O diretor de Condomínios da Vice-Presidência Regional Noroeste do Secovi-PR, Marcelo Liberatti, avisa que o primeiro passo é que o síndico tenha o respaldo de uma convenção condominial bastante clara com relação aos meios de recebimento, para que a relação pessoal dele com os vizinhos não seja estremecida.

Conselho é não deixar que os valores se acumulem; primeira cobrança deve ser feita logo após o vencimento

Segundo Liberatti, logo após o vencimento já é aconselhável entrar em contato, por telefone e da forma mais amigável possível, com o devedor. “Se a dívida não for quitada em três ou quatro dias, vale a pena enviar uma notificação, por escrito, solicitando o pagamento”, acrescenta.

Osvaldo Alves Lima, especialista em Auditoria Condominial, explica que um dos recursos é protestar o mau pagador, o que faz com que o nome do devedor seja incluído nas listas de proteção ao crédito.

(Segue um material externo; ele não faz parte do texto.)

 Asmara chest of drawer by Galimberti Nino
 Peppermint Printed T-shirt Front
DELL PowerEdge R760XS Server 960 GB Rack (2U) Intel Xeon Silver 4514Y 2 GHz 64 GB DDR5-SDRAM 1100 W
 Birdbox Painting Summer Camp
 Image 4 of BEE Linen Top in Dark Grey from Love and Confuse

Essa atitude, ressalta, geralmente, não alcança resultados efetivos, porque grande parte dos inadimplentes já encontra-se protestada em decorrência de outras contas em atraso.

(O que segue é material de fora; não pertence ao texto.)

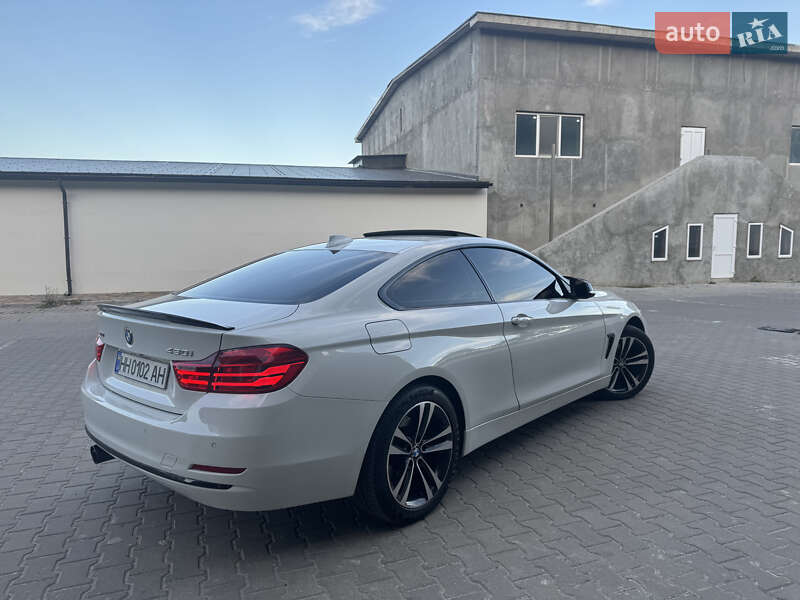 Купе BMW 4 Series 2017 в Одессе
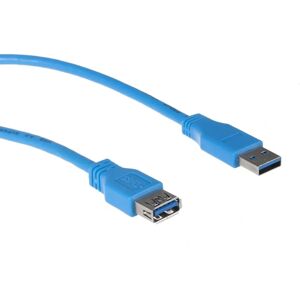 Maclean Mctv-585, 3 M, USB A, USB 3.2 Gen 1 - Câble USB Maclean Mctv-585, 3 M, USB A, USB 3.2 Gen 1 - Câble USB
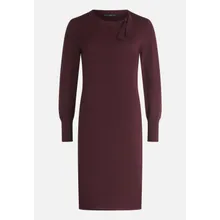Strickkleid mit Schleifenknoten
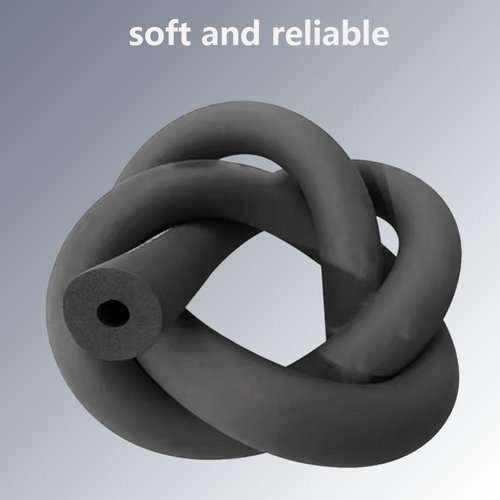 Pipe Insulation Foam Tube 1 inch,- 6FT 1" Foam Tubing for for Indoor Outdoor Plumbing Pipe, AC Unit, Guitar Stands (1"ID x 1-23/32"OD-6Ft)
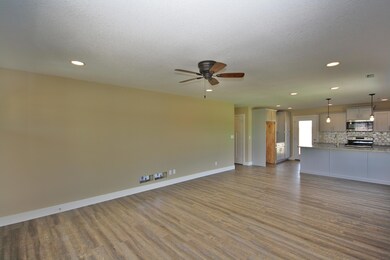 Living Room & Kitchen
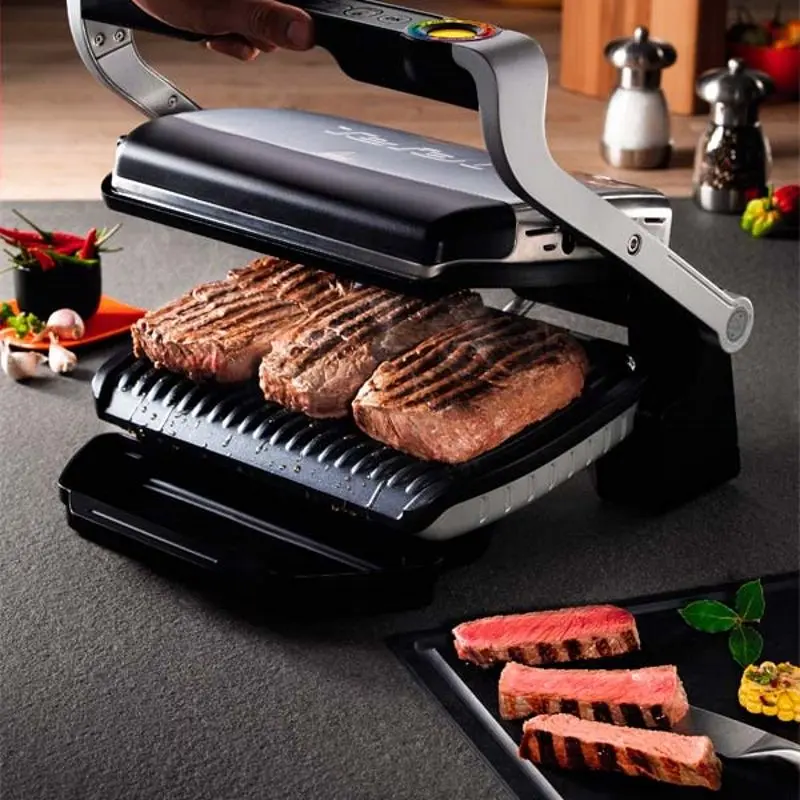 Grill electric Tefal GC712D34 (Black) - 2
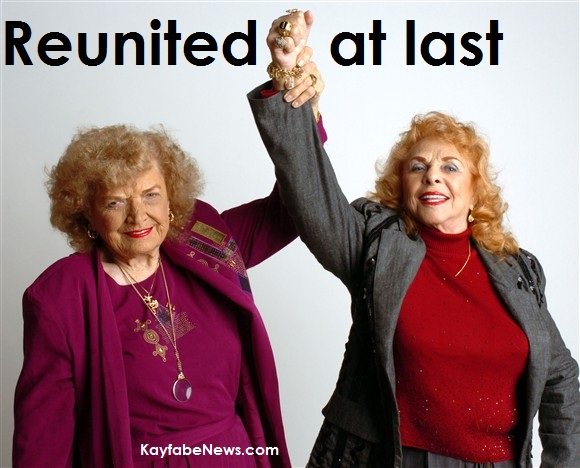 Reunited tag team raising hell in Heaven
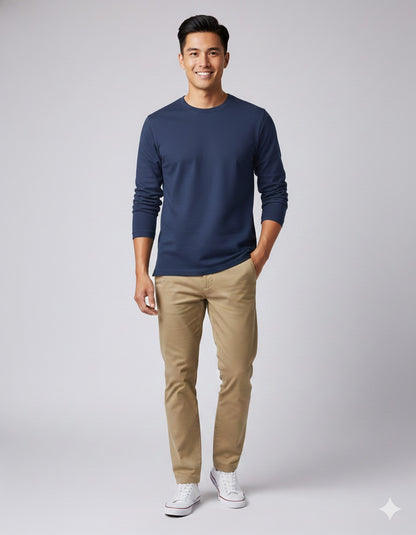 Men's Full Sleeve T-Shirt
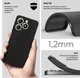 Чохол для смартфона Realme C61 4G ArmorStandart Matte Slim Fit Black Camera cover (ARM80568) - зображення 3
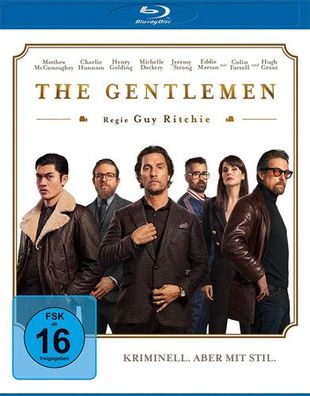 Gentleman, The (BR) Min: 113/DD5.1/WS - Concorde - (Blu-ray V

De acordo com Lima, se depois de três meses o valor não for quitado, o mais indicado é ingressar com uma ação de cobrança judicial. “Como o valor ainda é pequeno, é mais fácil para o condômino quitá-lo”, observa.

COBRANÇA

“Depois de três ou quatro dias de atraso, vale a pena enviar uma notificação por escrito solicitando o pagamento” Marcelo Liberatti, Diretor de Condomínios do Secovi-PR.

Prestação de contas
No momento de prestar contas à assembleia, a orientação do especialista é que o síndico relacione o montante de taxas condominiais a receber dos moradores que não conseguiram honrar os compromissos.

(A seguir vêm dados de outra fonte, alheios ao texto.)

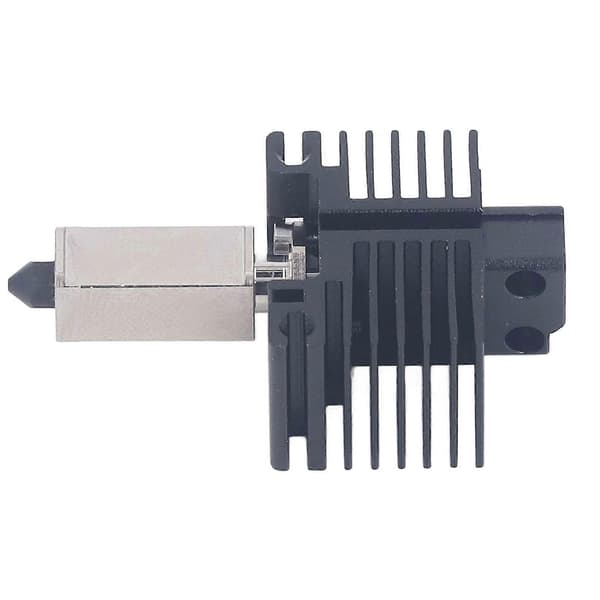3D-skriver Hotend-sett Herdet stål Avtakbar 3D-skriver Ekstruder Hotend for Bambu Lab P1P P1S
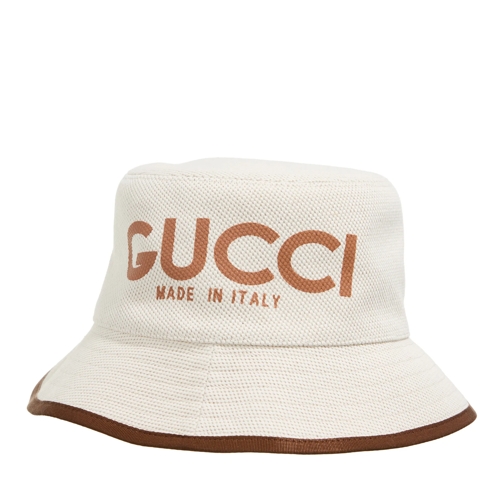 Gucci Bucket Hat Hat Arnaud Bob Beige / Natural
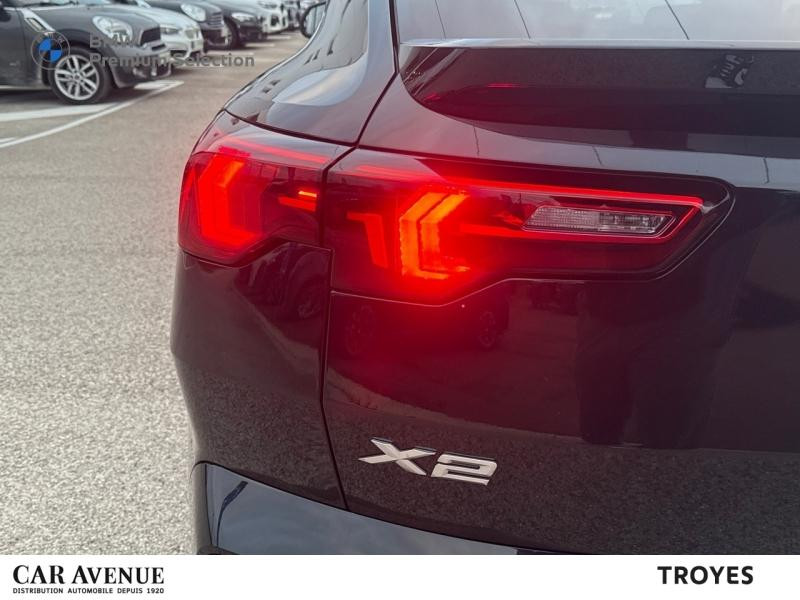 Occasion BMW X2 sDrive18dA 150ch M Sport DKG7 2025 Saphirschwarz métallisé 51490 € à Troyes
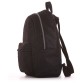 Чорний рюкзак з текстилю Alba Soboni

Os nomes, no entanto, devem ser omitidos. “Para evitar constrangimentos e não correr o risco de ter que pagar indenizações por danos morais, apenas os números dos apartamentos e os valores devem ser listados”, aconselha.

Lima recomenda ainda, que o síndico esclareça em assembleia que os condôminos endividados não oneram os que mantêm as contas em dia, porque as despesas do condomínio são rateadas em partes iguais entre todos e não apenas entre os adimplentes.

“Se, por acaso, o índice de inadimplência for alto e uma chamada de capital se fizer necessária para repor o caixa, assim que as dívidas forem pagas, o ressarcimento é efetuado”, esclarece.

Direitos de quem é devedor

Ainda que inadimplente, o condômino, explica o diretor de Condomínios da Vice-Presidência da Regional Noroeste do Secovi-PR, Marcelo Liberatti, não pode ser privado de desfrutar de serviços essenciais como água, luz, interfone, limpeza, coleta de lixo e recebimento de correspondências. “Parte-se do pressuposto de que a dívida será quitada. Privar o morador de receber os serviços, é dar a ele razão para não pagar as taxas”, esclarece.

Já com relação à reserva do salão de festas, quadras poliesportivas e opções de lazer, o especialista em Auditoria Condominial, Osvaldo Alves Lima, ressalta ser possível dar preferência aos condôminos adimplentes, desde que essa determinação esteja prevista na convenção do condomínio.